Stored data
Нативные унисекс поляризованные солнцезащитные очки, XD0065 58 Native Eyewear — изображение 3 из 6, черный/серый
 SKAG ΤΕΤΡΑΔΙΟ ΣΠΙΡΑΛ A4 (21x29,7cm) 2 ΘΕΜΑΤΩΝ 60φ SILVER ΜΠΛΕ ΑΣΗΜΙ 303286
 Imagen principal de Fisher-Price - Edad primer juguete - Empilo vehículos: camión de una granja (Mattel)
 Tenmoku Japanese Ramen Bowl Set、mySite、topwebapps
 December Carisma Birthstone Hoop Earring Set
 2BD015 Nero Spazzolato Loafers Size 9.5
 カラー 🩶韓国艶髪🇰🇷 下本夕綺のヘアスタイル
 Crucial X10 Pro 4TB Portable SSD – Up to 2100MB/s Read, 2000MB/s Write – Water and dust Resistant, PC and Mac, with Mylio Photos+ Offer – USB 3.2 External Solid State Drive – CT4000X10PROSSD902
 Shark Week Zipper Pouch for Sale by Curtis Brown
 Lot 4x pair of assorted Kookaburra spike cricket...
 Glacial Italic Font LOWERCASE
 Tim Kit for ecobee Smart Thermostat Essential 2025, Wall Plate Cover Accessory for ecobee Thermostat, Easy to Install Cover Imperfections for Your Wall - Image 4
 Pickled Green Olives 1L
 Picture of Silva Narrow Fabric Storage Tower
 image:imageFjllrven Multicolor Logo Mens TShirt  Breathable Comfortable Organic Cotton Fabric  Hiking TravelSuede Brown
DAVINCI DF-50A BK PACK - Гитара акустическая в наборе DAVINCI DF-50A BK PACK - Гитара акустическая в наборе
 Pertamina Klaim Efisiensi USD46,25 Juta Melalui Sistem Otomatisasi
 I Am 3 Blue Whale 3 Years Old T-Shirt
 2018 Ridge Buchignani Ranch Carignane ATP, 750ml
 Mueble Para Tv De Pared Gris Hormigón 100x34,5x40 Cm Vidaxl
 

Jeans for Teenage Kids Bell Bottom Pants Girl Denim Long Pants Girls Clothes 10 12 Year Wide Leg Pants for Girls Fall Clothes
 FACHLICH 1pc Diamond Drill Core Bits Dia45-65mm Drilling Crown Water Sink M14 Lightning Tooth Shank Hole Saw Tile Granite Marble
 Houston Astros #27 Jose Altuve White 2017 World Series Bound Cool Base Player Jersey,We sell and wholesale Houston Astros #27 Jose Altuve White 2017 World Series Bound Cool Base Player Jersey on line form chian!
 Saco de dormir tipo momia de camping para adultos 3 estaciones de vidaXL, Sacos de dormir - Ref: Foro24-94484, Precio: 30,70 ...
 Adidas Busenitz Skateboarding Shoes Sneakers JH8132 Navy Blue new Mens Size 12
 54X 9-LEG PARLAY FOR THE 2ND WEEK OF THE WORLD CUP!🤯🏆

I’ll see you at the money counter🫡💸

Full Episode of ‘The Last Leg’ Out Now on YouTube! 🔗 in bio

EXERCISE DIRECTIONS: The lines to copy run from the first line of the entries to the line containing "カラー 🩶韓国艶髪🇰🇷 下本夕綺のヘアスタイル"; copy them exactly and output nothing else.

SOLUTION FOR THIS EXERCISE:
Нативные унисекс поляризованные солнцезащитные очки, XD0065 58 Native Eyewear — изображение 3 из 6, черный/серый
 SKAG ΤΕΤΡΑΔΙΟ ΣΠΙΡΑΛ A4 (21x29,7cm) 2 ΘΕΜΑΤΩΝ 60φ SILVER ΜΠΛΕ ΑΣΗΜΙ 303286
 Imagen principal de Fisher-Price - Edad primer juguete - Empilo vehículos: camión de una granja (Mattel)
 Tenmoku Japanese Ramen Bowl Set、mySite、topwebapps
 December Carisma Birthstone Hoop Earring Set
 2BD015 Nero Spazzolato Loafers Size 9.5
 カラー 🩶韓国艶髪🇰🇷 下本夕綺のヘアスタイル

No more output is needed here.